The first four months of 2010 offer a unique opportunity to align the United States’ foreign-policy goals with domestic energy policy and new market developments, and thereby to stem what the Pentagon’s Nuclear Posture Review will reportedly rank equally with great-power threats — the spread of nuclear weapons.
Epistemologist Gregory Bateson and farmer-poet Wendell Berry counseled "solving for pattern" — harnessing hidden commonalities to resolve complex challenges without making more. President Obama’s speech at the recent U.N. climate summit in Copenhagen hinted at such an approach by linking an efficient, clean-energy, climate-safe economy with three other key issues: prosperity, oil displacement, and national security. Keeping proliferation, climate, and oil in separate policy boxes has in the past stalled progress on the first two issues over North/South splits that the third issue intensifies. Yet these three problems share profitable solutions, and seem tough only because of a wrong economic assumption.
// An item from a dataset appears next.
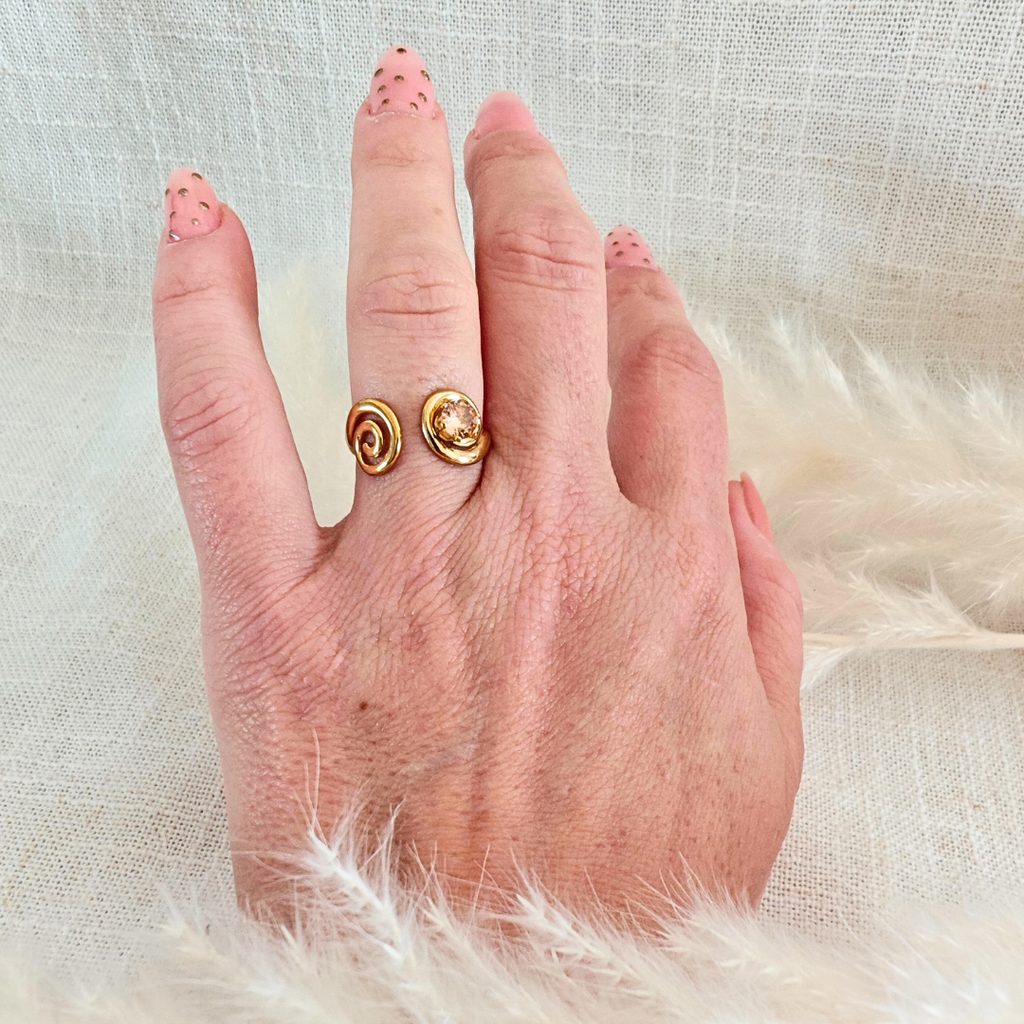 Bague Nova – doré & pierre champagne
One false assumption can distort and defeat policies vital to paramount national interests. The Copenhagen climate conference proved again how pricing carbon and winning international collaboration are hard if policymakers assume climate protection is costly, focusing debate on cost, burden, and sacrifice.
That assumption is backwards: Business experience proves climate protection is not costly but profitable, because saving fuel costs less than buying fuel. Changing the conversation to profits, jobs, and competitive advantage sweetens the politics, melting resistance faster than glaciers. Whether you care most about security, prosperity, or environment, and whatever you think about climate science, you’ll favor exactly the same energy choices: focusing on outcomes, not motives, can forge broad consensus.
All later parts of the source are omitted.